# My summer vacation in Italy with mommy & daddy!



## Alexa (Aug 6, 2009)

Last Saturday we returned from our vacation in Italy! We had a wonderful time there with wonderful sunny and warm weather. 

Only the ride to get there had been very long and hard this year. Traffic was too busy with much traffic congestion :OMG!:.

Anyway, we made a few pics I wanted to share with you:









On our way...









The hotel with a nice yard for Ullana!









A welcome present









View from our balcony









Hubby with Ulli









The beach


















Relaxing at the beach


















Dis is ma froggy boat!


















Mommy & Me!









Me in ma comfwy stroller



























Mommy & Daddy 









On our way back in the mountains

Hope you enjoyed watching them!

Alexandra & Ullana :wub:


----------



## ckanen2n (Jan 2, 2012)

What a lovely vacation! Glad you had fun!


----------



## edelweiss (Apr 23, 2010)

Alexa, thank you for the Italian visit! Your baby looks like she thoroughly enjoyed her coco-bella holiday! You & Sven look adorable & rested! I know you tanked up some sunshine for the coming fall days!

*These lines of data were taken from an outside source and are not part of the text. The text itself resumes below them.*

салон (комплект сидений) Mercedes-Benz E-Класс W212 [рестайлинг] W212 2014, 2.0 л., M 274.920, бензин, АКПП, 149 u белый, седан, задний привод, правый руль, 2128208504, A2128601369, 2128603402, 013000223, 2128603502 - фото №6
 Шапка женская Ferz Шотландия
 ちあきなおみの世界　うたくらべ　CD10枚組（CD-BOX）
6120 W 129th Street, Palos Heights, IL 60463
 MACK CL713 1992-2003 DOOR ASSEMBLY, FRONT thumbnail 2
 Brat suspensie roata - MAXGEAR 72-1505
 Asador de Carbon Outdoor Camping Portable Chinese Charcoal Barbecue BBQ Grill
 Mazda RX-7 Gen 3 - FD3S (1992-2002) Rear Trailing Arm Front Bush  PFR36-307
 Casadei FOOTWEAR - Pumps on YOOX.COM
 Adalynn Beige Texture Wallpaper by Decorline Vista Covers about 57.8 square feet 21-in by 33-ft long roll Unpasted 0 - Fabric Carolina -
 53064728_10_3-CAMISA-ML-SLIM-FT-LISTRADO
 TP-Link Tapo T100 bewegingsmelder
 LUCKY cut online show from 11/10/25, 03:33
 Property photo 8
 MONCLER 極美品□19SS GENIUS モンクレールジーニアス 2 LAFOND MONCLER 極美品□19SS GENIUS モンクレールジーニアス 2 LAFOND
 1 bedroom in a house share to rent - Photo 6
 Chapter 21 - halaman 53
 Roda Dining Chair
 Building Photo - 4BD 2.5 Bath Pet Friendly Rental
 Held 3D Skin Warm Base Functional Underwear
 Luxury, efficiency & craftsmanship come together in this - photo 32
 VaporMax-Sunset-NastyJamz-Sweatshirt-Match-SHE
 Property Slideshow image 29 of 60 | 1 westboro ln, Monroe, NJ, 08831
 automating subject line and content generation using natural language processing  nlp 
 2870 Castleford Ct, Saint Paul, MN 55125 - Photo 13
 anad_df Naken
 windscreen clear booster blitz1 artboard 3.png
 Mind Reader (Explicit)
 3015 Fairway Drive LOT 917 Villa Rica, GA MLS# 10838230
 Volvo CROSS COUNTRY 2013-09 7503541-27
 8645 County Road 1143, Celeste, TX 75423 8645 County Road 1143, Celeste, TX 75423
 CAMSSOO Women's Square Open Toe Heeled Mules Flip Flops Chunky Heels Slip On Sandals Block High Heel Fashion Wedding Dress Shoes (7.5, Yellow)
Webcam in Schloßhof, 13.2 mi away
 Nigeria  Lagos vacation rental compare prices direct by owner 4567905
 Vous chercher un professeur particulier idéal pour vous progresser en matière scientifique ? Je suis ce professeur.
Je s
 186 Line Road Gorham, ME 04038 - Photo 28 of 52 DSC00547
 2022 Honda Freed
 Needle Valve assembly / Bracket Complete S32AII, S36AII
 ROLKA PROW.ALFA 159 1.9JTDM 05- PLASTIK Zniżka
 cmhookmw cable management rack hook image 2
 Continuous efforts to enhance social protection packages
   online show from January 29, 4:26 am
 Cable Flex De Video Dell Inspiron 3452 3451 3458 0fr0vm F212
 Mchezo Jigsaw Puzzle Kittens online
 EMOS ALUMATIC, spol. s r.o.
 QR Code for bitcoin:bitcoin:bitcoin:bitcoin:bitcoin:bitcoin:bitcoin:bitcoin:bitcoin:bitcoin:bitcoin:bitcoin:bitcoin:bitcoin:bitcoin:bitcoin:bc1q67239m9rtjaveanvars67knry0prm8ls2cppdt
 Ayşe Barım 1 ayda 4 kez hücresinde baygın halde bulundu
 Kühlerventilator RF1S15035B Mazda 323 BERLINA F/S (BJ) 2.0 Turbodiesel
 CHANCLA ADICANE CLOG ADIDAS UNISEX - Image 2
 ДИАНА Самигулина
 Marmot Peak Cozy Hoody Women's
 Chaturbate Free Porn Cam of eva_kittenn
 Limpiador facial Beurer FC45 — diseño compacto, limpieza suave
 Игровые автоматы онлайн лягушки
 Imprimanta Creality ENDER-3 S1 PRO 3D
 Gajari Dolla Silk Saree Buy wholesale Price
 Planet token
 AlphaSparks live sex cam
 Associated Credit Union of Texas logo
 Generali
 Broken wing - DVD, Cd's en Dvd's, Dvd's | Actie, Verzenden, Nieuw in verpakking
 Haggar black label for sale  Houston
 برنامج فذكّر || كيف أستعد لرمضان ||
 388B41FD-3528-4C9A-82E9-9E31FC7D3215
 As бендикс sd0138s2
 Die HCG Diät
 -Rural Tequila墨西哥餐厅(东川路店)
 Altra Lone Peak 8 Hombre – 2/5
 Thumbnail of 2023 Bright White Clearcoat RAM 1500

Little Ullana looks right at home on the beach. Isn't it funny how the pups take to the beach!
How is Nessie---did they miss each other?
Did you make the big Italian meet-up w/D.I. in Sienna? I do hope to go one of these years!
Sending you big love & thanks again for the beautiful visit.


----------



## Sylie (Apr 4, 2011)

What a beautiful place for a peaceful vacation. Thank you for posting the pictures. Ullana on the froggy float is too cute for words.


----------



## Furbabies mom (Jul 25, 2011)

Your pictures are beautiful. It looks like you has a wonderful time. Ullana is so adorable !


----------



## Snowbody (Jan 3, 2009)

I almost missed this thread.:w00t: Alexandra - it looks like you, your DH and Ullana were in the lap of Italian luxury. What a beautiful hotel and setting. Looks so relaxing and serene. :wub::wub: I love it!! Where were you in Italy? It almost reminded me of when we went to Viarregio while on our trip to Florence a few years ago and went to one of the beach clubs. Love that look of all the chaises and blue umbrellas lined up. So glad you had a good time. :chili: Good to have you back too


----------



## TLR (Nov 13, 2011)

Great pics, thanks for Sharing. I am so glad you had a great visit.


----------



## maggieh (Dec 16, 2007)

How wonderful!


----------



## Malt Shoppe (Jul 20, 2011)

POOR underprivileged little Maltese.....never gets to go anywhere or do anything.....sniff sniff.....:faint:

WOW!


----------



## fleurdelys (Apr 13, 2010)

Beautiful pictures Alexa:wub:
Your baby is stunning (as usual  ):wub2:


----------



## lydiatug (Feb 21, 2012)

Looks like a little slice of heaven!


----------



## Matilda's mommy (Jun 1, 2005)

wow, what a beautiful vacation you had Ullana, it was nice of you to share with mommy and daddy. lol
I loved the pictures, but Ullana in the froggy boat is just soooooo precious:wub:


----------



## sassy's mommy (Aug 29, 2005)

Wow! Alexandra love your Italian vacation photos. Sven really knows how to spoil his girls and booked very luxurious accomodations. I know you all enjoyed the beach, the warm sunshine and the delish coffees. Glad you guys were able to relax and soak up some sun before your long winter sets in. Love you all so much. :wub:


----------



## SammieMom (Nov 13, 2010)

Ohhh la la. Nice trip and beautiful pics.


----------



## MalteseJane (Nov 21, 2004)

Great pictures. Too many people on the beach for my own liking. I love to have the beach for myself. Lol. Love Ullana's boat.


----------



## michellerobison (Dec 17, 2009)

Aww what wonderful holiday picces, Ullana looked so happy...Next time we might have to sneak onboard!


----------



## hoaloha (Jan 27, 2012)

WOW! awesome vacation pics  you three sure had a fabulous time! I love Italy  Princess Ullana looks adorable on the froggy boat :wub: :wub: thanks for sharing your pics!


----------



## njdrake (Apr 23, 2007)

That looks like an amazing vacation!! Great pictures, thanks for sharing your vacation! Your pictures make me realize how bad I need a vacation!


----------



## Alexa (Aug 6, 2009)

ckanen2n said:


> What a lovely vacation! Glad you had fun!


Thank you, Carole!



edelweiss said:


> Alexa, thank you for the Italian visit! Your baby looks like she thoroughly enjoyed her coco-bella holiday! You & Sven look adorable & rested! I know you tanked up some sunshine for the coming fall days! Little Ullana looks right at home on the beach. Isn't it funny how the pups take to the beach!
> How is Nessie---did they miss each other?
> Did you make the big Italian meet-up w/D.I. in Sienna? I do hope to go one of these years!
> Sending you big love & thanks again for the beautiful visit.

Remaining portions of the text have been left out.